• **Problem statement**
Look through the entries below and extract exactly the lines from the one containing "image:imagePicassoTiles 1750 PCS" through the one containing "Claire's Vegan 90", ends included.

• **Source records**
____

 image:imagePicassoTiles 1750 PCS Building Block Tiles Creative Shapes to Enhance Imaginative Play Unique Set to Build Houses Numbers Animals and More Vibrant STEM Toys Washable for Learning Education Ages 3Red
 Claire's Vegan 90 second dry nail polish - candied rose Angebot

____

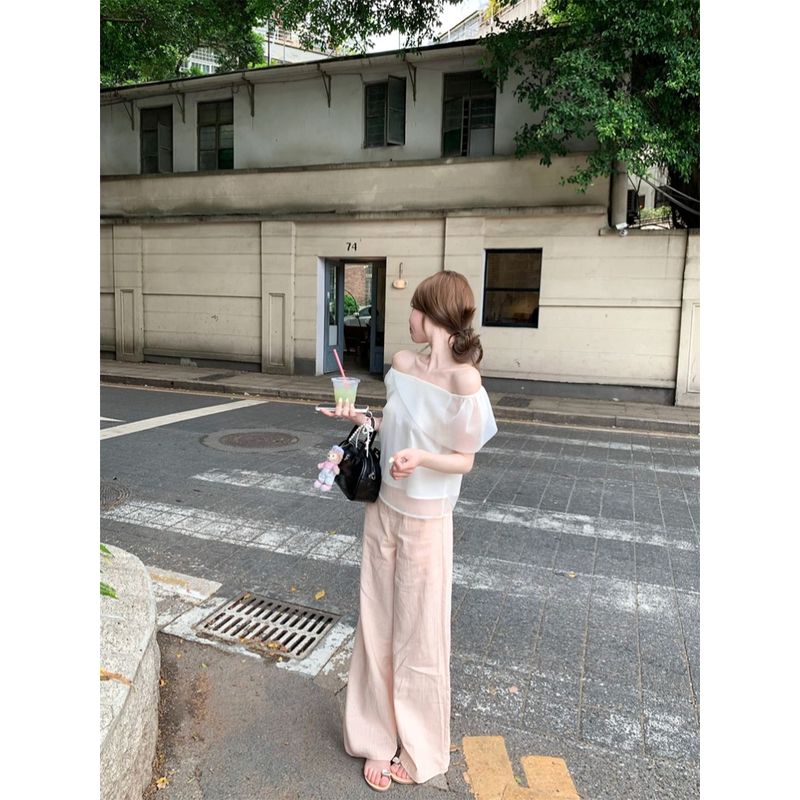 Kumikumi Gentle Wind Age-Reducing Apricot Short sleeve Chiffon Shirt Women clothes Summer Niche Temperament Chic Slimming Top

____

• **Solution for this exercise**
 image:imagePicassoTiles 1750 PCS Building Block Tiles Creative Shapes to Enhance Imaginative Play Unique Set to Build Houses Numbers Animals and More Vibrant STEM Toys Washable for Learning Education Ages 3Red
 Claire's Vegan 90 second dry nail polish - candied rose Angebot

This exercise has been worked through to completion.